Vom Wohnheim nach Stammheim ins Gefängnis
Doch dann kam die große Keule. Als Rudolf Cisar über die Evangelische Gesellschaft (eva) in einem Stuttgarter Wohnheim wieder ein Zimmer bekommen hatte, hatte er auch wieder eine offizielle Adresse. Dort stand eines morgens um sechs Uhr plötzlich die Polizei vor der Tür. Diese präsentierte ihm einen Gerichtsbeschluss: entweder er zahlt sofort 860 Euro (Strafe fürs Schwarzfahren, Mahngebühren und Gerichtskosten) oder er muss mitkommen. Kein guter Start in diesen Tag: "Weil ich das nicht auf einen Schlag zahlen konnte, hat's geheißen: Bitte kommen Sie mal mit. Das war dann der nächste Weg nach Stammheim", sagt Cisar rückblickend. Die Strafe abzuarbeiten oder Ratenzahlung - das ging nicht mehr. Das Gerichtsurteil war ja schon da.

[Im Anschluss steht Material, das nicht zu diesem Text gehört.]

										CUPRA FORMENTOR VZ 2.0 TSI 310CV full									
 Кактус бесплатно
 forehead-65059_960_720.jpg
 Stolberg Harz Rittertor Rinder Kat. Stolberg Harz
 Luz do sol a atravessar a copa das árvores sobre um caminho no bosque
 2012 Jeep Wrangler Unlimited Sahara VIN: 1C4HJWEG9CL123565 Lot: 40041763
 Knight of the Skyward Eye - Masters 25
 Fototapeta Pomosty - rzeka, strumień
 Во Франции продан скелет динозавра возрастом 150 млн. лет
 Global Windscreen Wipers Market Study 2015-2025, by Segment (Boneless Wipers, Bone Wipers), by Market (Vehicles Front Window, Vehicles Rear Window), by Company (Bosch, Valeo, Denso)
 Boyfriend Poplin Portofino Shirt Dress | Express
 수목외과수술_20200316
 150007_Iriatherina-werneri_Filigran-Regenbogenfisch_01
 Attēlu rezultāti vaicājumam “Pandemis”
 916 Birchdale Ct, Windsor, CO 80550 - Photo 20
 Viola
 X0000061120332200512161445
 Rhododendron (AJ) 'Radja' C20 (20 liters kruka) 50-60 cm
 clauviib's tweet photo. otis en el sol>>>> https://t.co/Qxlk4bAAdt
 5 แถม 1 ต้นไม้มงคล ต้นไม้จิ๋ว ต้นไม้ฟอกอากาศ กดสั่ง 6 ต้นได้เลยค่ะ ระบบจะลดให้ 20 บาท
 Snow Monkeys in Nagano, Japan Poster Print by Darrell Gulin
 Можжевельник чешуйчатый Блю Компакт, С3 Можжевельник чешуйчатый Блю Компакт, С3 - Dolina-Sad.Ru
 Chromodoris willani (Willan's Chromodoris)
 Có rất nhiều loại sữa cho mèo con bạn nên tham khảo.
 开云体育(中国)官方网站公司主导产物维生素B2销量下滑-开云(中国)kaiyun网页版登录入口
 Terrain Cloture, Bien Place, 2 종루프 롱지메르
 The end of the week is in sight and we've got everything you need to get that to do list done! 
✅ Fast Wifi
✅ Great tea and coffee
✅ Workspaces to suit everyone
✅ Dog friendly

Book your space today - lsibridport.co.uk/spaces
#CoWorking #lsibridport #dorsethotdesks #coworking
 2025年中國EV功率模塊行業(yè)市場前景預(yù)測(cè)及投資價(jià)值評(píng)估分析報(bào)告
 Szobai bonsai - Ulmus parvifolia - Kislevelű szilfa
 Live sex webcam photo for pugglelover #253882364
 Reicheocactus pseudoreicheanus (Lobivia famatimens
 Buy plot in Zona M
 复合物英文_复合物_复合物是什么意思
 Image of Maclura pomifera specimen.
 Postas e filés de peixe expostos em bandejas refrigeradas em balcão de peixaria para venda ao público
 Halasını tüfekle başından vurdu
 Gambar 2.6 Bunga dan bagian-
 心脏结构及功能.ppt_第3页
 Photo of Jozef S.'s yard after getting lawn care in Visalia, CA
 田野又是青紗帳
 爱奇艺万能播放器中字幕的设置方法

Vier-Mann-Zelle mit drei Fremden
Im Gefängnis in Stammheim kam er zu drei weiteren Männern in eine Zelle. Keine einfache Situation. Denn es waren Leute, die schon länger saßen. "Die hatten schon einen leichten Koller. Die fangen dann abends an zu schreien und so Geschichten - schon schwierig", sagt Cisar. Nach rund vier Wochen konnte der gelernte Industrieelektroniker arbeiten - an einer Drehmaschine. Glück für ihn: ein etwas anspruchsvollerer Job, die Zeit geht vorbei.
Bevor er in Stammheim landete, war dem 52-Jährigen nicht bewusst, dass Schwarzfahren eine Straftat ist. Dafür ins Gefängnis? "Auf den ersten Blick kam mir das auch etwas überzogen vor", meint Cisal. Er fragte nach, was so ein Inhaftierter am Tag kostet. Um die 140 Euro wurde ihm gesagt.
Nach dem Gefängnis war vor der erneuten Obdachlosigkeit
Nach 86 Tagen wurde Cisar aus dem Gefängnis entlassen. Und dann ging alles von vorne los. Sein bisheriges Zimmer war weg. "Man ist alleine gelassen. Man wird auf gut Deutsch vor die Tür gesetzt. Und jetzt guck! Gehen Sie zum Jobcenter, beantragen Sie alles wieder neu. Man bekommt das Geld für die Fahrkarte, dass man da hinfahren kann und das war's." Er war wieder obdachlos.
Über eine Notübernachtung kam er ins Carlo-Steeb-Haus der Caritas. Dieses bietet wohnungslosen Männern in rund 170 voll möblierten Zimmern ein Zuhause. Dort hat Cisar jetzt ein Zimmer und einen sinnvollen Tagesablauf in der Werkstatt durch das Restaurieren von Möbeln, durch Gartenarbeit und nebenher macht er Kunstwerke. Ab und zu sei schon die Angst da, das Zimmer wieder zu verlieren. Rudolf Cisar hat keine Lust, "da wieder reinzurutschen in die Szene, die einen wieder runterzieht".
Caritas fordert andere Gesetzgebung
Im Carlo-Steeb-Haus der Caritas sieht man Veränderungsbedarf bei der Gesetzgebung zum Thema Schwarzfahren. Da gebe es eine Ungleichbehandlung gegenüber anderen Delikten. Die Strafe abarbeiten oder in Raten zu zahlen, sei eine gute Möglichkeit. Aber die komplette Summe auf einmal zu zahlen, meist sei das für die Klienten gar nicht möglich, weil sie zu wenig Geld hätten.
Annette Böhme, Leiterin des Carlo-Steeb-Hauses der Caritas fordert, dass wer zum Beispiel nur knapp 100 Euro Taschengeld im Monat habe, sollte eine kostenlose Fahrkarte bekommen. "Damit wäre schon viel gelöst. Dann würden die Klienten gar nicht in solche Schwierigkeiten kommen. Und damit wäre beiden sehr geholfen."